The most recent example I encountered was yesterday: Rene Girard, his theory of violence, and his conversion to Christianity. Girard says that humans desire what their enemy wants, then fight with him over it, leading to an unending cycle of violence that is interrupted only by a ritual sacrifice (scapegoat). When Girard started studying Christianity, he was an atheist. But after coming to the conclusion that the purpose of Christ's death was to teach his community that this cycle of violence and revenge was pointless, and that innocent scapegoats were often sacrificed, Girard decided to become a Christian. He was impressed by this idea that religion could teach men how to transcend their base instincts.

I'm also impressed by that idea. But the next question that comes to me is this: how can I practice a religion using these interpretations of its meanings, when so many in the same religion have different interpretations (i.e. Christ was a sacrifice for our sins--something I do not believe) that really turn me off?
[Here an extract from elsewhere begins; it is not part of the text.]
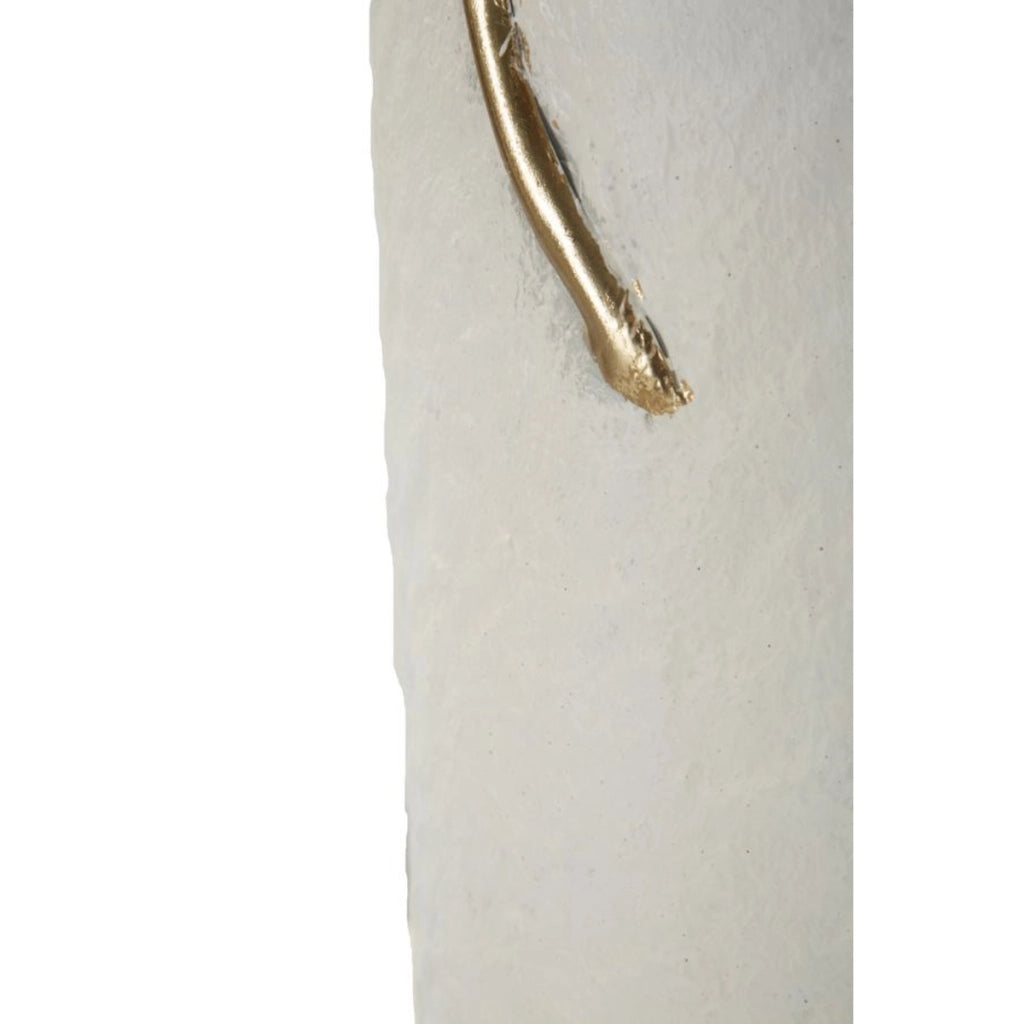 Vaso decorativo slanciato in ferro bianco e foglie oro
There are so few that practice faith in a way that I find inspiring, and even those who do often can slip into using it to justify or advance certain purposes. This is one of the many reasons I've backed off from any practice for the last few years. How do we have faith in a God beyond ourselves when all our rituals of worship struggle just to get past our own mundane needs and limitations?

I don't know the answer. I don't know how to have faith in so many things that used to inspire me (philanthropic orgs, religion, NGO's, environmental movements) when I can now see many of the motivations behind these movements as well as their downfalls. Aid to Haiti right now is a great example--there are those that argue that foreign aid is actually crippling to other countries because it props us corrupt governments and keeps these countries reliant on wealthier countries and their handouts. So then, what the heck do we do to help Haiti?

Even without answers, I think I'm past the worst of my cynicism. I'm coming into a place where I can have faith in ideas for their own sake, even given their limited ability to solve problems or given their potential for ulterior motives. Actually, reading Mark Helprin gives me faith in ideas and beauty for their own sake. If you've never read him, you need to. He writes about beauty in the midst of the most horrible, devastating situations, such as war, and he gives you hope that if not reason and order, then there is at least hope and beauty always around us, always possible. I'm going to keep reading Helprin, and keep believing in the possibility of Good.